The business survey’s numbers came in above the preliminary estimate of 57.4 for the month. With a notable increase in demand, the output and new order sub-indexes also reached a three-month high during the month. As far as the international demand is concerned, it improved from a year-and-a-half low in September.
“India’s headline manufacturing PMI picked up substantially in October as the economy’s operating conditions continue to broadly improve. Rapidly expanding new orders and international sales reflect strong demand growth for India’s manufacturing sector. Meanwhile, input and output prices are both increasing as a result of persistent inflationary pressures in materials, labour, and transportation costs,” stated Pranjul Bhandari, Chief India Economist at HSBC.
The upturn in performance was boosted by stronger demand for Indian goods.
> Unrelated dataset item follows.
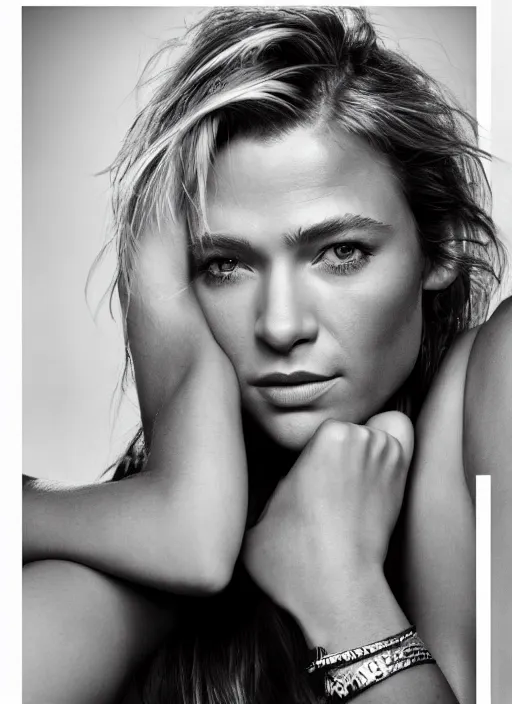 Prompt: portrait of beautiful female chris hemsworth by mario testino, headshot, detailed, award winning, sony a 7 r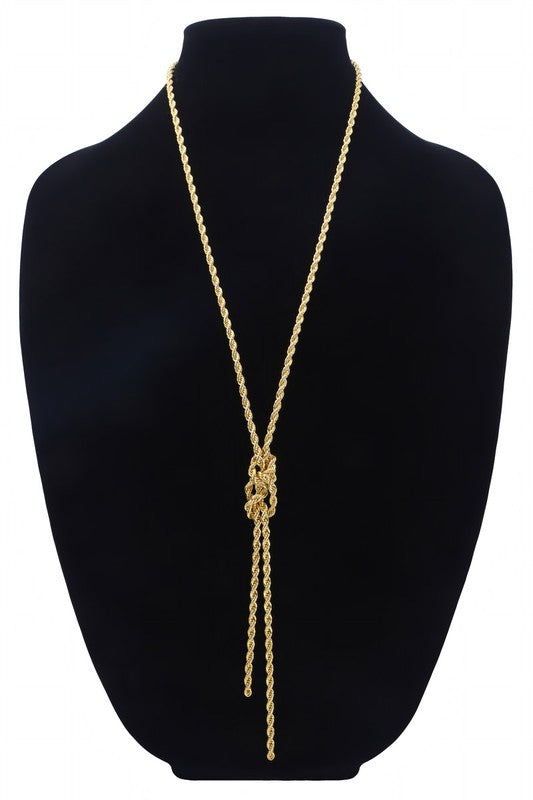 Braided Metal Lariat Chain Link Necklace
Companies noted a quicker increase in order book volumes that was stronger than the average seen in nearly 20 years of data collection.
On the employment front, not only did manufacturers hire extra staff at the start of the third fiscal quarter, but also to a greater degree than in September. As per the survey, around one in ten panellists reported an increase in employment, while 1 per cent shed jobs.
“October data signalled stronger inflationary pressures across India's manufacturing sector. Input price inflation quickened to a three-month high, though remained below its long-run trend. Meanwhile, output prices increased at a solid rate that outpaced the series trend. Monitored firms highlighted freight,” as per the report.
Production volumes were ramped up to a greater degree in October, fuelled by faster increases in the consumer and investment goods categories. When explaining the latest upturn in output, companies remarked on demand buoyancy, positive sales pipelines and favourable market conditions.